チャイムを鳴らしても一向に出てこないので、僕は勝手ながらも扉をあけた。
凄いゴミ屋敷に鳥肌が立ち、ゴミの隙間から出てきたフクちゃんに驚愕し、廃油の入ったペットボトルで足を滑らし、玄関にぶちまけてしまい自身も部屋も油だらけにしてしまった。
「ごめんなさい・・!すぐに片付けます・・!」
「いいよ~そのままで~。ちょっと玄関が滑りやすくなっただけだよ~。それよりこっちにおいで~。」
「・・はい。」
今となっては、自分で自分をツッコミたくて仕方がない。僕は油まみれのまま、フクちゃんに案内された席についた。

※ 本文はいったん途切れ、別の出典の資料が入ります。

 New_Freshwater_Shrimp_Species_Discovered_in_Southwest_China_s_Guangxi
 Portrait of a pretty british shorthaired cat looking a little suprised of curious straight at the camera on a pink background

無理やりモノをどかした机に、お茶と大福が置いてある。今思えば、フクちゃんは精一杯僕をもてなすための準備をしてくれていたのが分かる。
「食べな~。」
「・・はい。」
「美味しい~?」
「・・はい。」
「いや~、本当に可愛いなぁ~。同じ人間だとは思えない~。」
ニコニコと喋るフクちゃんに僕は少し安心感を覚え、口を開いた。
「・・フクちゃん。」
「ん~?」
「僕、あだ名をお客様につけるのが好きです。大福だして福のありそうな笑顔だからフクちゃん。」
「とか言いつつ、体格がふくよかだからでしょ~?」
「それもあるけど。」
「あるのかい~!容赦ないなぁ~。・・ねぇ、もっと間近で顔を見ていい?」
「うん。」
フクちゃんは僕の顔を掴み、じっくり眺めだす。そして口を近づける。開いた口には沢山の虫歯。
「くっさぁぁぁぁぁっ!!!」
そう叫んで突き飛ばしてしまったのに、フクちゃんはクレームをいれずニコヤカに許してくれた。
そんな臭かった虫歯ばかりの歯は、4年後も相変わらずで、むしろ数本なくなっていた。